Better Business Planning – by doing it backwards
We’re in month 2 of the calendar year already. We’ve stopped writing 2016 in the year field and we should already be well under way with what we want to achieve in 2017.
However, as with previous years – it seems to be the time where the reality of what we want to achieve in 2017 starts to bite. That moment where everything that looked so straightforward when the plans were put together starts to look a little bit shaky.
Death by Spreadsheet
Planning and reporting on plans was something I hoped I’d get past when I got promoted to senior roles. I used to spend an inordinate amount of time getting information into spreadsheets to compare with information in other spreadsheets to demonstrate we were doing what we were supposed to be doing when we weren’t doing stuff with spreadsheets.
I was wrong. The only difference is that I became the one asking for new information, new comparisons, new data and asking what everyone has been doing (when they’ve not been doing stuff with spreadsheets).
Thankfully technology has made things a bit easier for the people manning Excel (sometimes they don’t even need to go into a spreadsheet).
Business Planning – it should all be so much simpler.
Why does the plan come undone so early? Clearly the plan is never going to be a perfect prediction – but surely we should know a little bit about what’s happening a few months into the future.
The problem is that the plan usually involves something changing. An increase in revenue, an increase in sales or a reduction in cost. The figures all add up in the plan and the underlying assumptions all make sense. But somehow one of a number of things happens:
- The figures at the end of month 1 are no different to the previous year and a gap starts to open up
- Someone asks a question in a meeting that causes an assumption to unravel – and suddenly the numbers don’t add up quite so well
- Activities that should have started to take place on day 1 are still being debated a few weeks into the year – they weren’t as straightforward as hoped and it’ll be a few weeks before they happen. Suddenly the increased figure has to be delivered in 9 months rather than 12 and beads of sweat are starting to break out
You’re only as good as your ability to forecast
Forecasting isn’t necessarily a statistical function. A lot of it is applied knowledge. But the problem is that it doesn’t get applied in the planning phase. The numbers are driven by logic, formulas and tweaking until they all add up.

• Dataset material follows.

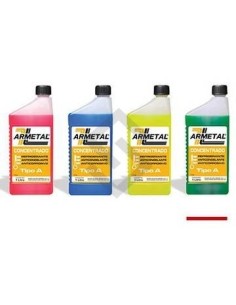 Vr Refrig./anticong/anticorrosivo  Verde  X 1 L. Armetal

Just doing the numbers can lead to a lot getting missed. A 5% increase in revenue from existing customers doesn’t sound much until the reality of getting them all to pay 5% more is thought through. Is it a price rise? Is there a new product? Are there cross-selling opportunities?
The numbers should actually be the last element after all of the activities are put together. The activities – the stuff that drives the numbers – are what should be planned, forecast and measured.
A lot of sales, marketing and business planning is projecting forward. Where will be in 3, 6, 12, 24 months time. Doing it smarter should be working backwards. If we’re here in 12 months time, what has just happened yesterday? And what happened last week that made that possible? And so on.
Taking the “Double Digit Growth in 2017” plan and looking at the total value and number of payments received by 22 December 2017 (last Friday before Christmas this year!) is a good start. If the typical payment terms are 30 days – how many invoices were issued by the end of November? What was the average value?
How many invoices were for existing customers and how much for new business?
How much new business did we close by the end of October to invoice in November? And if the typical sales cycle is 3 months – how many qualified leads did we turn into engaged opportunities by the end of July?
If we need that many qualified leads by July, what will marketing have to deliver in the first half of the year?
If that’s more than marketing are currently delivering, what’s changing with the activity? If it’s a change of approach, when does the testing take place? When will we know that it’s successful?
Have we got the operational capacity at the times when there will be peaks in demand?
Working backwards forces the realisation that lines aren’t smooth. And also that change doesn’t just happen. There is always a preceding activity.
Avoiding beatings from a hockey-stick
I’ve had so many years where cash to make big developments happen has only been released on the first day of the year, and the launch of the development has dictated that pattern of the rest of the year.
At its worse I’ve seen 60% of forecast sales in the last quarter of the year – meaning that on paper and in the numbers, not much needed to happen until September.
In the case where not much happened until just before the big spike in numbers, everything had changed by January 1st the following year – including the MD.
In the years where we delivered it successfully, it was because we knew all of the activities that added up to the numbers. We also did a lot of validation of the assumptions behind the numbers in the first 3-6 months – so there were no surprises.
Finally, although we knew we couldn’t predict accurately too far into the future – we’d been working on the plan for 18 months by the time we got there. We also knew what the 18 months on the other side of the spike looked like. We focused on what we could control in the space we could control it – but kept an eye on the longer term implications.
A consultant we worked with at the time called it “creating a future history”. I denounced it as typical consultancy jargon at the time. But looking back on it – they described it perfectly.